Performance and limitations of high granularity single photon processing X-ray imaging detectors

Progress in CMOS technology and in fine pitch bump bonding has made possible the development of single photon counting detectors for X-ray imaging with pixel pitches on the order of 50 µm giving a spatial resolution which is comparable to conventional CCD and flat panel detectors. This thesis studies the interaction of X-ray photons in the energy range of 5 keV to 70 keV with various sensor materials as well as the response of the Medipix2 readout system to both monochromatic and wide spectrum X-ray sources. Single photon processing offers the potential for spectroscopic imaging. However, this thesis demonstrates using simulations and measurements that the charge deposition and collection within the semiconductor sensor impose fundamental limits on the achievable energy resolution.
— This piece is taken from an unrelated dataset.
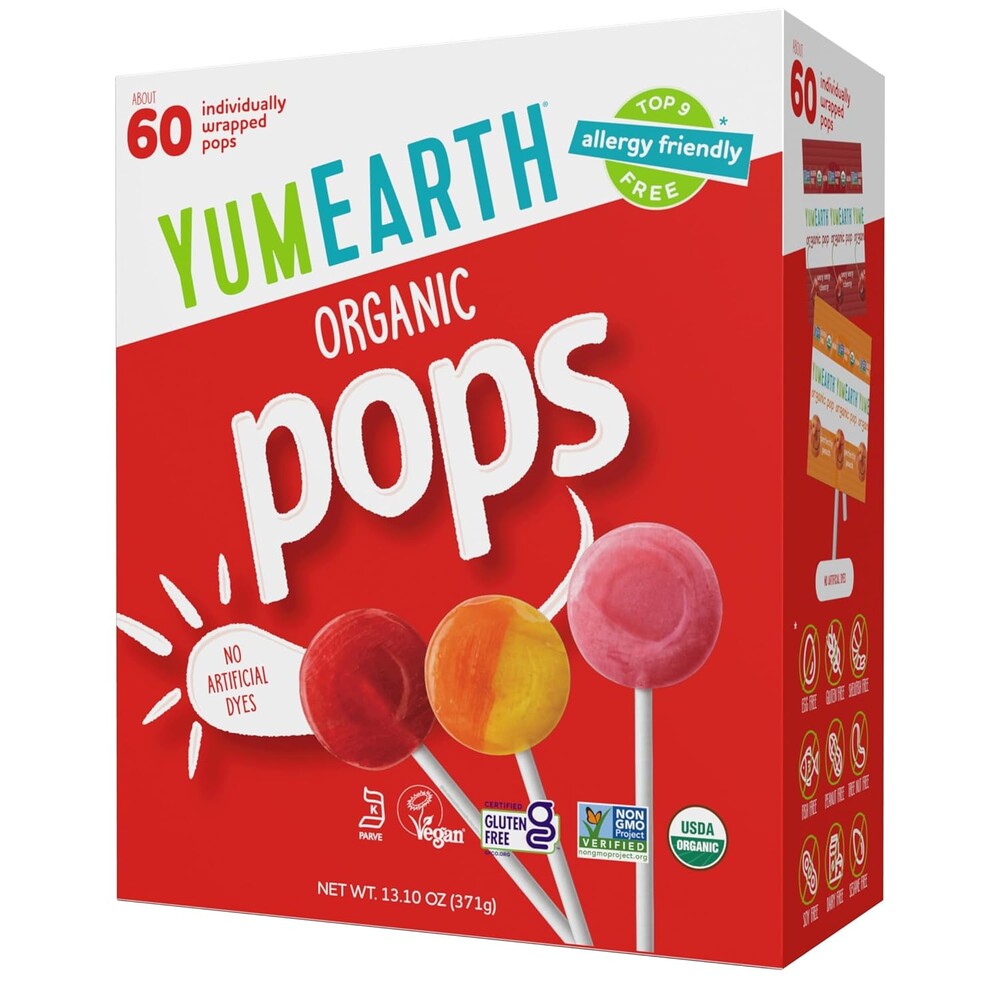 YumEarth Organic Pops Variety Pack, 60 Fruit Flavored Favorites Lollipops, Allergy Friendly, Gluten Free, Non-GMO, Vegan, No Artificial Dyes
In particular the discussion of charge during collection in the sensor and the generation of fluorescence photons in heavier sensor materials contribute to the appearance of a low energy tail on the detected spectrum of an incoming beam. On the other hand, with the application of appropriate flat-field correction maps, the systemem operates to the Poisson limit. As the electronic noise in a pixel channel is around 100e rms and typical energy thresholds are over 1000e excellent quality images of low contrast objects have been produced using both intense and weak X-ray sources. The Modulation Transfer Function has been measured to be 9.1 lp/mm corresponding to the pixel aperture function. The Detective Quantum Efficiency is only limited by the sensor material used and does not change as a function of dose, highlighting the enormous potential for low dose imaging with such a system. The Medipix2 system has an upper threshold in each pixel too which allows an energy window of down to 1.4 keV FWHM to be selected and scanned in the range of 4 keV to 100 keV. First images using the energy threshold window demonstrate the potential of the technique to extract a spectral image when only a broad band source of X-rays is available.